MATERIAL FOR THE TASK:
----

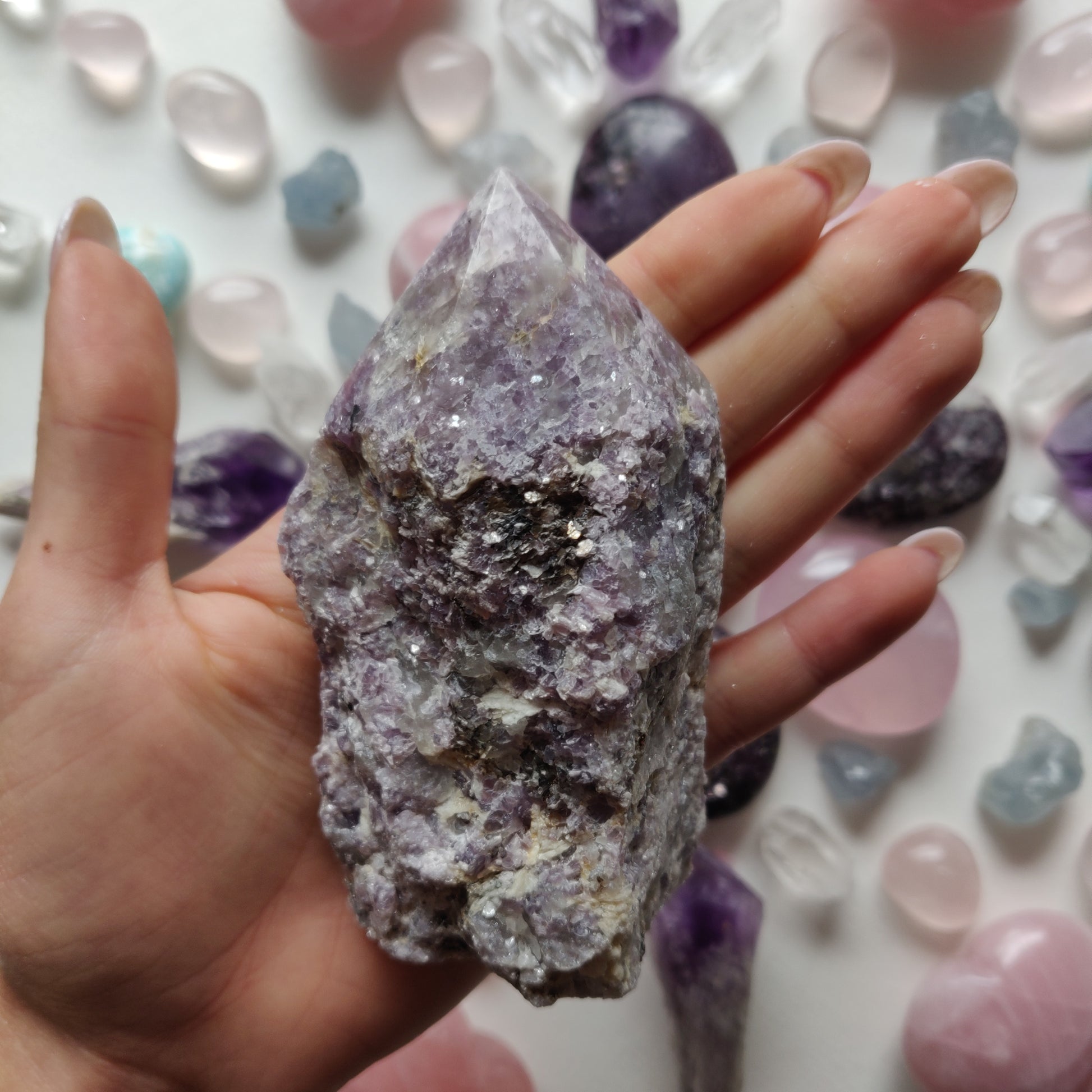 Lepidolite Point - Half Polished (#2) - Simply Affinity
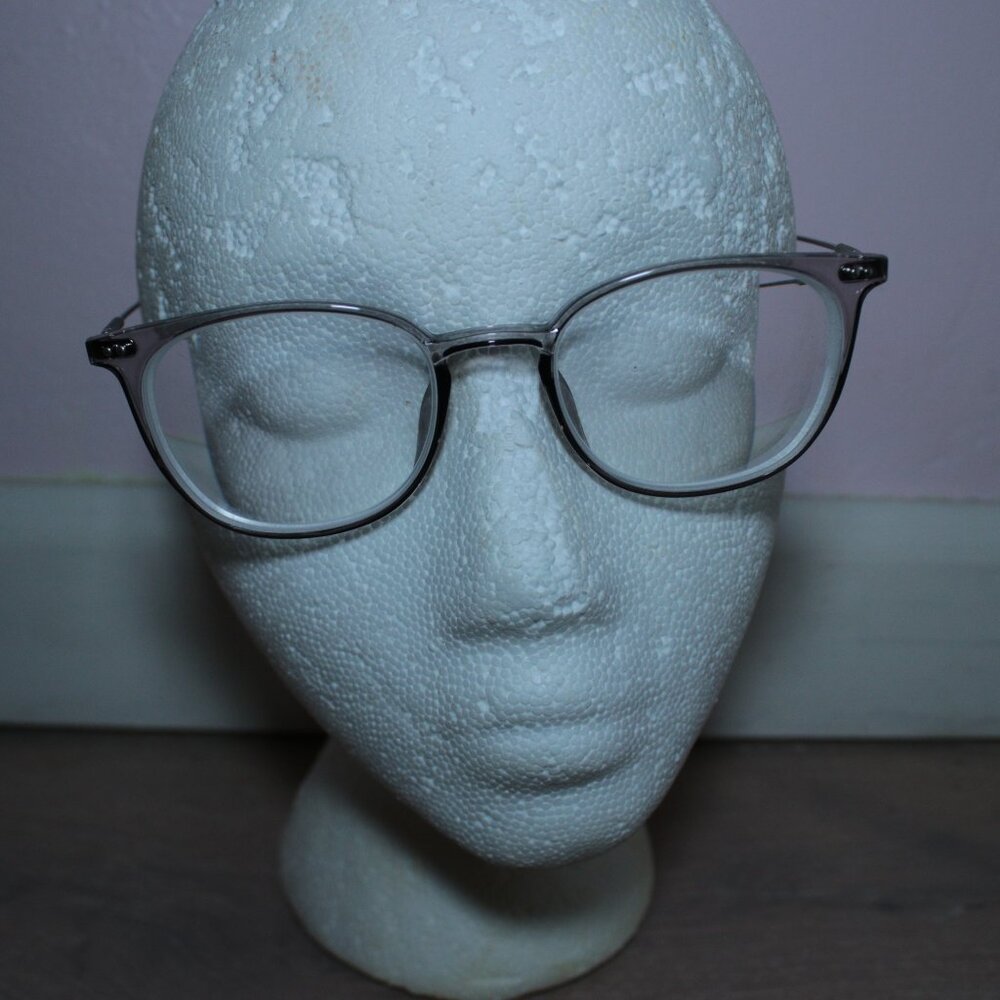 Ottoto Grey Crystal Clear Acetate Eyeglasses Frames, Square, Oversized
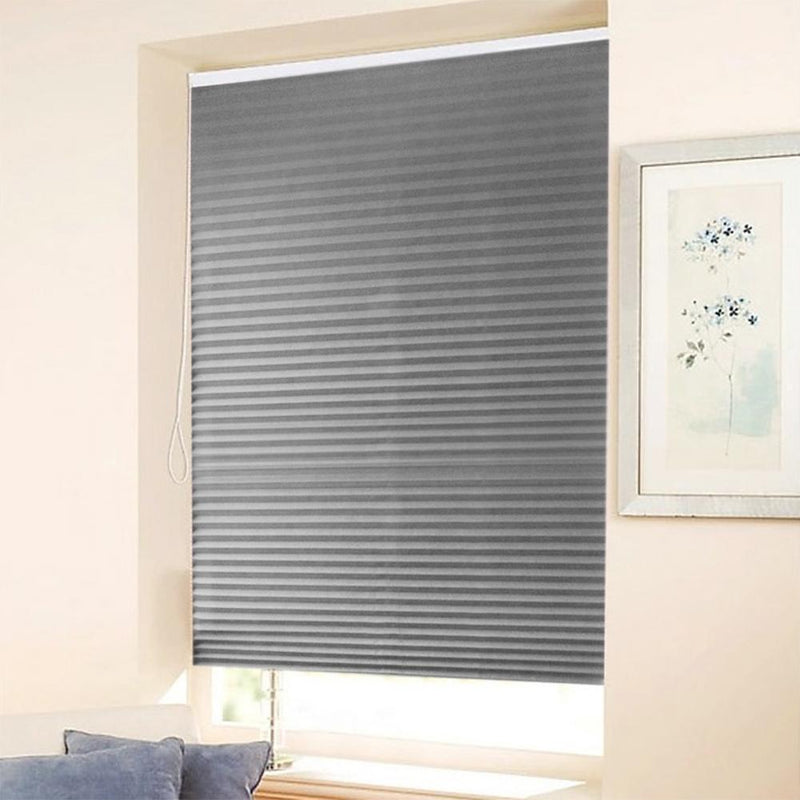 Half Blackout Pleated Blinds Self-Adhesive Windows Curtains Balcony Shades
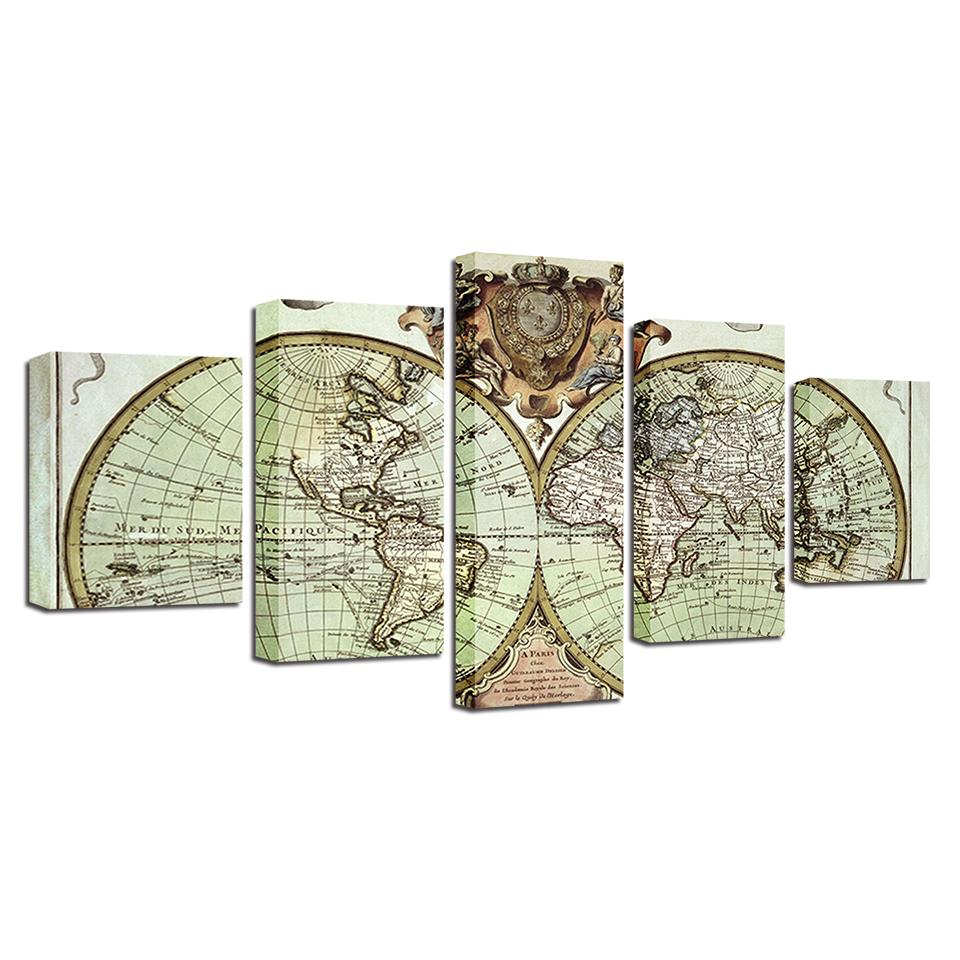 old world map retro vintage abstract 5 panel canvas art wall decor 2077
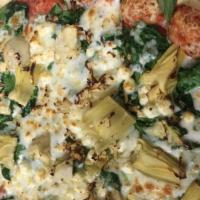Gourmet Delight · Spinach, sun dried tomatoes, artichoke hearts, feta cheese and fresh garlic on our homemade ...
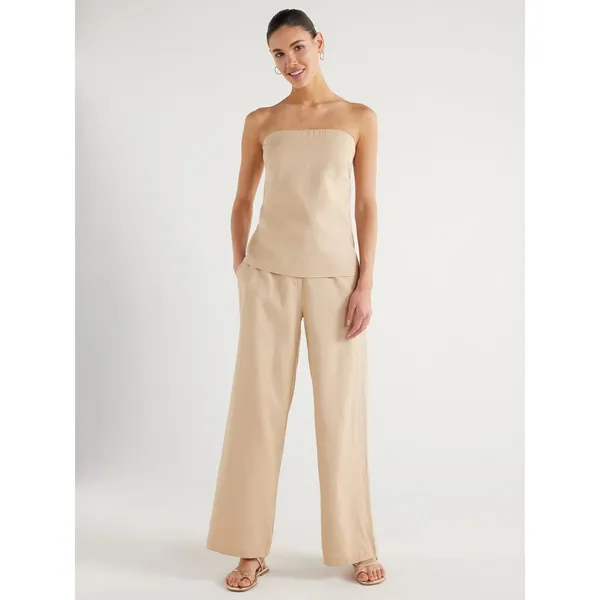 Scoop Womens Top Size XS Brown Linen Blend Removable Straps Relaxed Strapless - Image 6
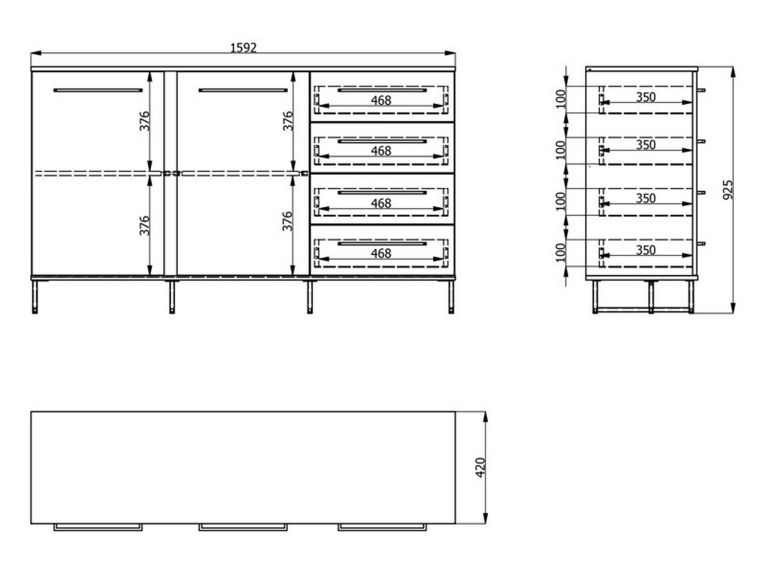 Credenza Marrone Rovere Nodi Nero 4 Cassetti 2 Ripiani 159x42x95h cm, Apertura Battente e Scorrevole - Ceredano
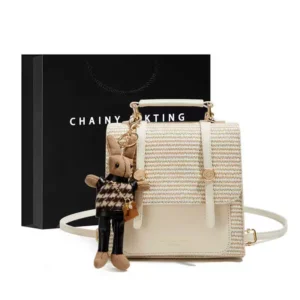 Chic Woven Backpack: Your Stylish 2-Way Commuter Bag!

----

EXERCISE DIRECTIONS: Your task is to print exactly the lines from the one containing "Gourmet Delight ·" through the final line of the records above, with no pictures and nothing more.

RESULT OF THIS EXERCISE:
Gourmet Delight · Spinach, sun dried tomatoes, artichoke hearts, feta cheese and fresh garlic on our homemade ...
 Scoop Womens Top Size XS Brown Linen Blend Removable Straps Relaxed Strapless - Image 6
 Credenza Marrone Rovere Nodi Nero 4 Cassetti 2 Ripiani 159x42x95h cm, Apertura Battente e Scorrevole - Ceredano
 Chic Woven Backpack: Your Stylish 2-Way Commuter Bag!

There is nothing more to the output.